EU green finance rules: what they mean for Switzerland
“It does exactly what it says on the tin”. This 1990s British advertising slogan that brought fame to a humble brand of wood varnish could well now apply to the European Union’s rules aimed at bringing greater transparency to the world of sustainable investing.
Part of the European Green Deal that aims to make the bloc carbon neutral by 2050, the sustainable finance disclosure regulations (SFDR), together with the EU taxonomy framework, will require fund groups to explain what’s “inside the tin” of their green investment products, including any environmental and social governance (ESG) risks.
They will also have to clearly label how environmentally friendly their activities are, in a move aimed at clamping down on “greenwashing” by businesses and steering much-needed cash towards more sustainable, low-carbon projects.
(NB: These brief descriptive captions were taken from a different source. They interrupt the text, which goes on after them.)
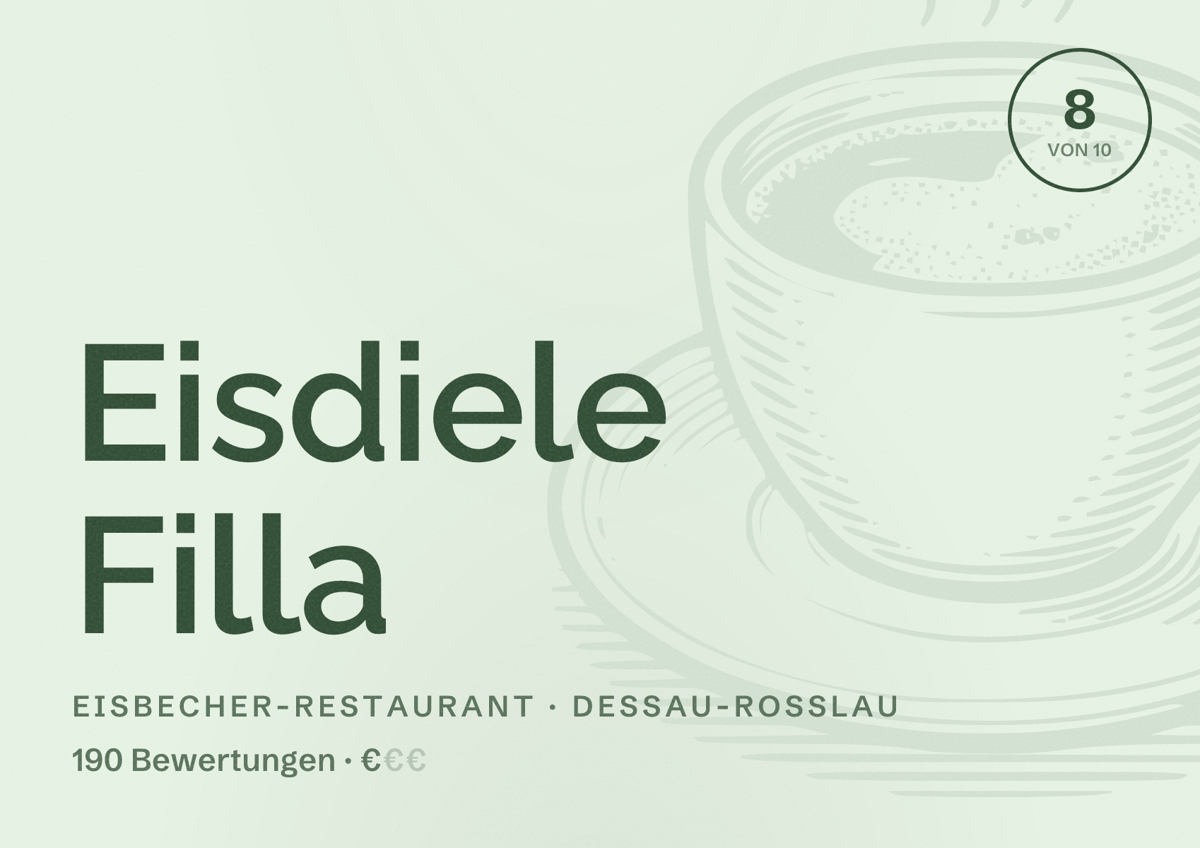 Illustriertes Poster von Eisdiele Filla, Eisbecher-Restaurant in Dessau-Roßlau: Bewertung 8 von 10 aus 190 Bewertungen, Preisniveau €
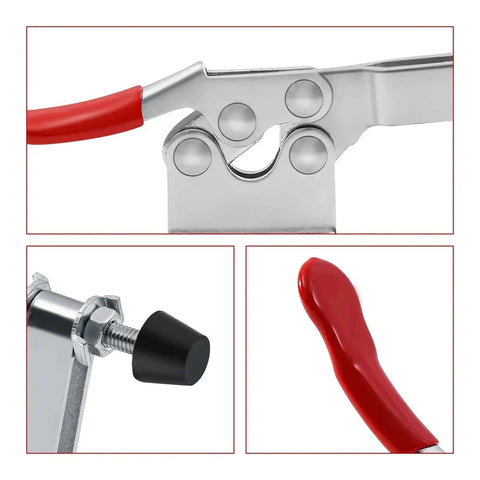 Close-up of Beefy Toggle Clamp Set 2 4 8Pcs showing metal hinge, rubber stopper, and red handle grip detail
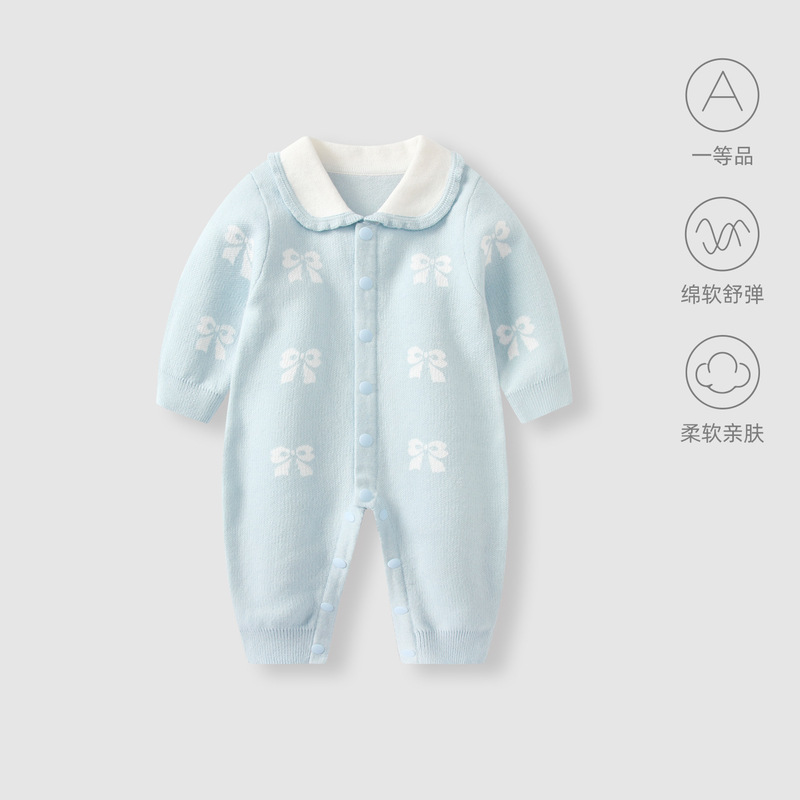婴儿衣服连体衣秋装小月龄女宝宝满月百天针织毛线哈衣外出服爬服|undefined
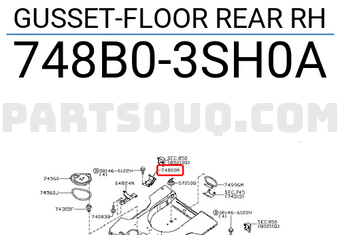 Nissan 748B03SH0A GUSSET-FLOOR REAR RH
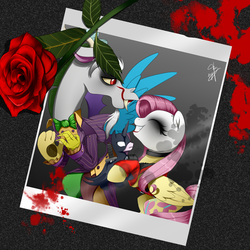 Size: 1181x1181 | Tagged: safe, artist:supermare, discord, fluttershy, draconequus, pegasus, pony, g4, batman, blood, blood splatter, crossover, eyes closed, female, grin, harley quinn, jokercord, male, photo, rose, ship:discoshy, shipping, smiling, straight, the joker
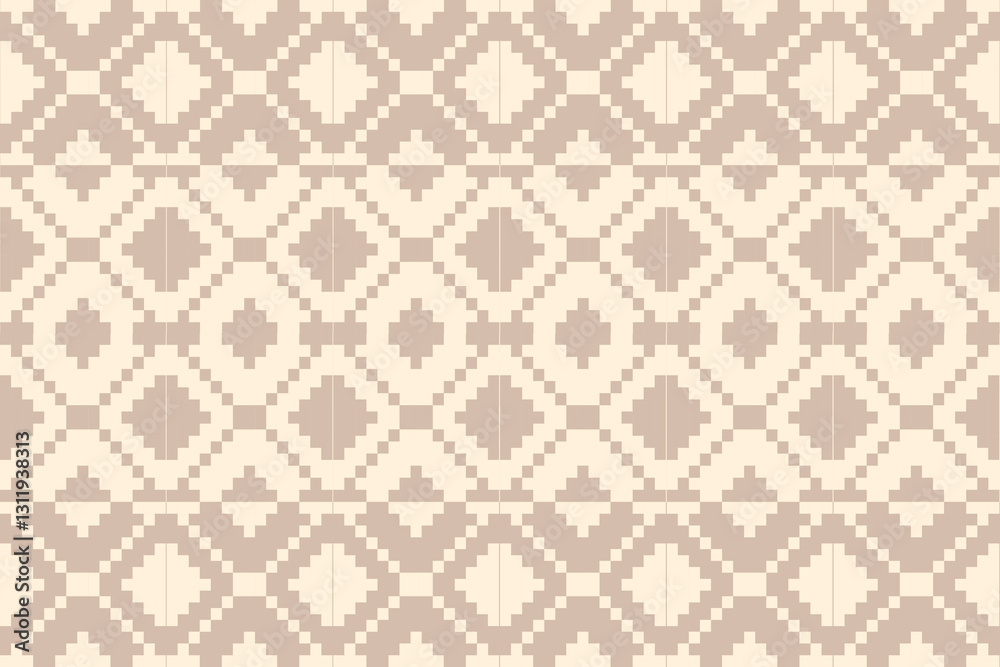 Geometric, seamless,pixel traditional ethnic, thai pattern, fabric pattern for textiles, rugs, wallpaper, clothing, sarong, batik, wrapping, embroidery, print, background, cover, illustration, vector.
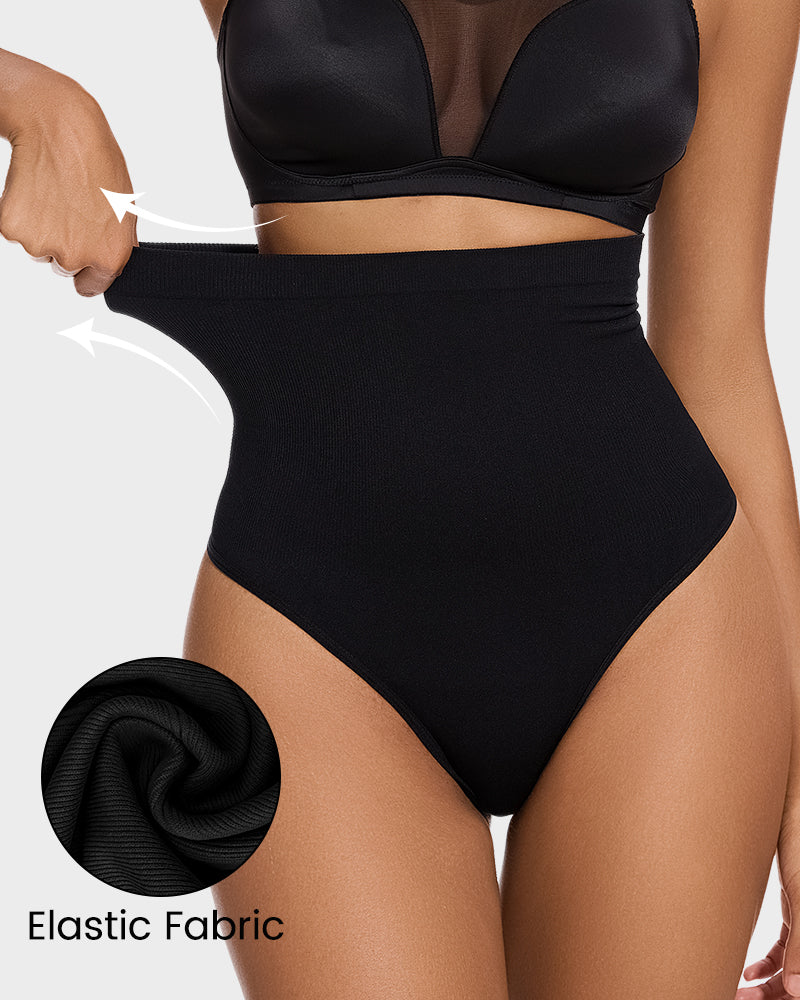 Ultra-Comfort High Waist Tummy Control Seamless Shaping Thong Panty 2-Pack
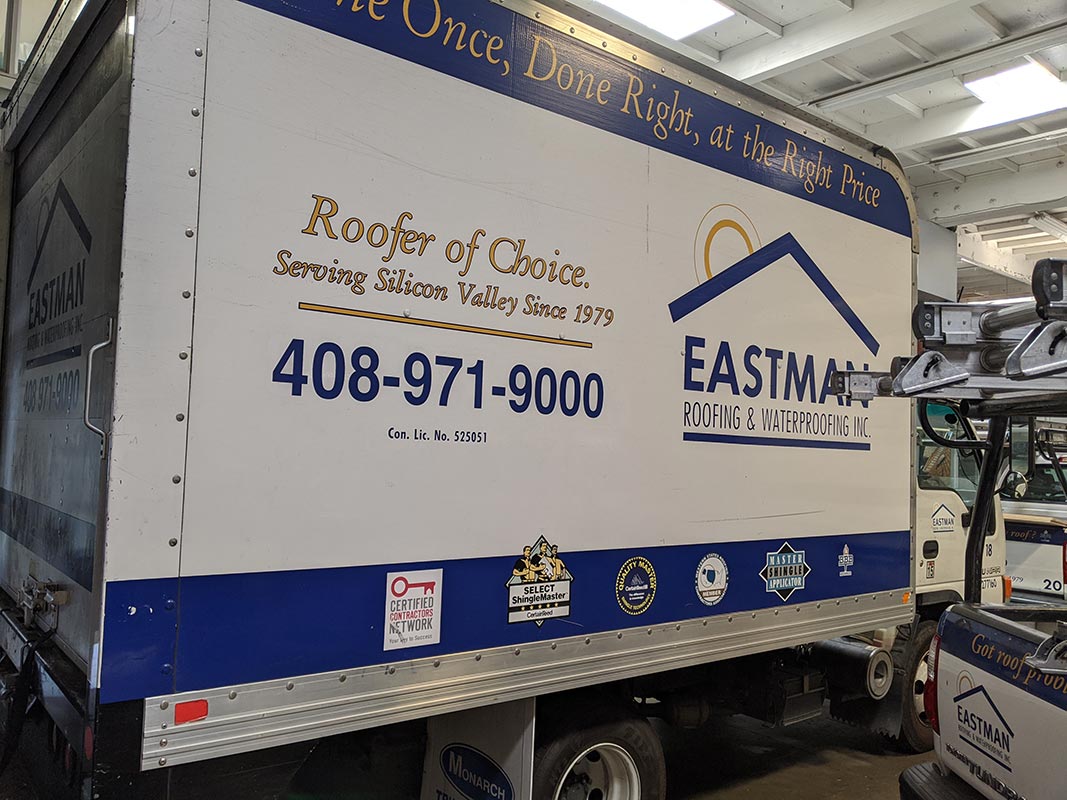 Eastman Roofing vehicle lettering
Much like cigarette packets with their visually explicit warnings, all investment products will have to carry a disclaimer where they do not meet the environmental objectives set out in the taxonomy.
The landmark rules, which will start being introduced next month, not only affect financial market participants in Europe, but also force any companies selling products inside the EU to step up their game, including Swiss fund and asset managers.
“The EU acts as a global industry standard-setter whether or not these standards become mandatory in Switzerland,” accountancy firm EY said in an advisory note. But with the EU taking the lead, it raises questions about Switzerland’s own regulatory plans - or lack thereof.
Read also: Where do SDGs fit into EU green finance rules?
The Swiss finance sector "now comes under pressure because there are no standards at this current stage", Antonios Koumbarakis, head strategic regulatory and sustainability at PWC, told Geneva Solutions.
Switzerland weighs its options. Though keen to become a global leader on ethical investing, Switzerland has yet to set any standardised rules for its financial sector. In December, the Swiss Confederation organised a consultation on how it could react to EU legislation. It also began evaluating whether it is necessary to adopt its own taxonomy to tackle greenwashing.
However, at present there is no real impetus to impose further regulation, preferring to adopt voluntary measures instead, says Jean Laville, deputy chief executive of Swiss Sustainable Finance. He told Geneva Solutions:
“The Federal Council has decided to ask the State Secretariat for International Finance (SIF) to evaluate if it is necessary for Switzerland to implement some legislation against greenwashing. At SSF, we have just received the consultation from SIF asking us a lot of questions on this dimension. We are discussing it internally to try to understand what they want.”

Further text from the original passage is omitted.